The new 21st Century Cures law has proven to be divisive, with both advocates and critics getting hyperbolic on the law’s potential impact on the drug and medical device industries, as well as on the US Food and Drug Administration (FDA).
Critics have said, among other things, that the law will forever tarnish FDA’s ability to keep dangerous new drugs and devices from hitting the market, while advocates believe it will open the US to new cures, particularly for rare diseases, that would have never been marketed because of the once onerous regulations.
The real impact of the law – as it covers so many different medical products, from pharmaceuticals to devices to combo products to medical countermeasures to cell and gene therapies, and involves all aspects of drug development, priority review vouchers, biomarkers, as well as not just FDA but its foundation and the National Institutes of Health – will not be easy to evaluate.
In addition to what’s covered in the law’s text, there might also be a more subtle shift in the way medical product sponsors and FDA interact and negotiate over what’s necessary to win approval.
James O’Reilly, a professor of law and public health at the University of Cincinnati and once quoted by the US Supreme Court as an expert on FDA, told Focus in a phone interview that provisions in Cures “will change the balance of negotiating power between the [FDA] reviewing divisions and the sponsor.”
In the past, FDA has had the upper hand on sponsors in terms of holding up a drug or device’s approval until reviewers were satisfied with the clinical and safety evidence provided by a sponsor, O’Reilly explained.
But this new law calls on FDA to create a pathway in the next two years that allows companies to submit ongoing safety surveillance, observational studies, registries, claims and other patient-centered outcomes research data to support the approval of a new indication of a drug.
Innocuous as that might seem, O’Reilly said it “dramatically alters that balance by forcing FDA to accept information that typically had not been a sufficient basis for approval … The balance of power has shifted to companies going forward that might say look: Congress requires you to accept data other than controlled clinical trials, now accept it.
“The fact that Congress would reach into the approval process and make such a change to what data is to be accepted is a radical change compared to what we’ve had for 60 years,” he added.
Other areas that may see some of the biggest shifts thanks to the new Cures law include: software that probably would have been classified as a medical device but might not be now, how much new funding FDA really will see from the law and the fact that excipient manufacturers will no longer be inspected.
On the software as a medical device front, O’Reilly told us: “Congress has run away from wanting FDA to be in the software regulatory business.
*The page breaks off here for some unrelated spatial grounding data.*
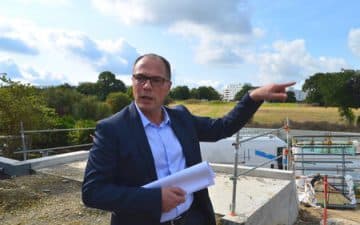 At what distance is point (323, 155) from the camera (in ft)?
32.0

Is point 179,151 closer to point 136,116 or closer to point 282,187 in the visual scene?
point 136,116

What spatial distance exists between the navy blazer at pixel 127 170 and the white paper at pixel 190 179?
7cm

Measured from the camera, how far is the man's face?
2.01 meters

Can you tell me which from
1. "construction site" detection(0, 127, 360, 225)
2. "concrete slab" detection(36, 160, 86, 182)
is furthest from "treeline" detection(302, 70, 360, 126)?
"concrete slab" detection(36, 160, 86, 182)

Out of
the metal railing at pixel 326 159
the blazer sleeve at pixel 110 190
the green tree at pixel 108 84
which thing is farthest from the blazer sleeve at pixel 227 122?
the green tree at pixel 108 84

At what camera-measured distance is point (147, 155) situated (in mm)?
1899

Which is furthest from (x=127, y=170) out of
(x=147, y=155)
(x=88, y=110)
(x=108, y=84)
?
(x=108, y=84)

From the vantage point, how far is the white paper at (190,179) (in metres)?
1.83

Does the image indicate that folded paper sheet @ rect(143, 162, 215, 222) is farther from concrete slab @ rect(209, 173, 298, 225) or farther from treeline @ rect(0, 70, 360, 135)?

FDA will still regulate software and other applications that directly affect a patient, but they will have no control over a lot of stuff that’s now borderline.”
On the FDA funding front, O’Reilly said he’s skeptical because the law authorizes money for FDA, rather than appropriating it, noting, “Behind the headlines, what does FDA actually get in this fiscal year? It’s extremely small.”
And perhaps the most vexing part of the whole bill is buried on page 320 of its text, where it changes the language governing FDA’s inspections of establishments “by striking ‘an active ingredient of a drug, a finished drug product, or an excipient of a drug’ and inserting ‘an active ingredient of a drug or a finished drug product.’”
O’Reilly told us: “I have no idea why excipient plants would no longer be inspected. You’re going to get raw materials with active ingredient but the fluids and liquids are not being studied … no more inspections of excipient plants?”
In explaining the importance of ensuring excipients are safe, O’Reilly pointed to a story from the mid-1990s when more than a hundred children died in Haiti from a cough syrup that included an excipient called glycerin that was contaminated.
“I don’t have a dog in this fight, but it’s a random amendment that people will wonder why,” he added.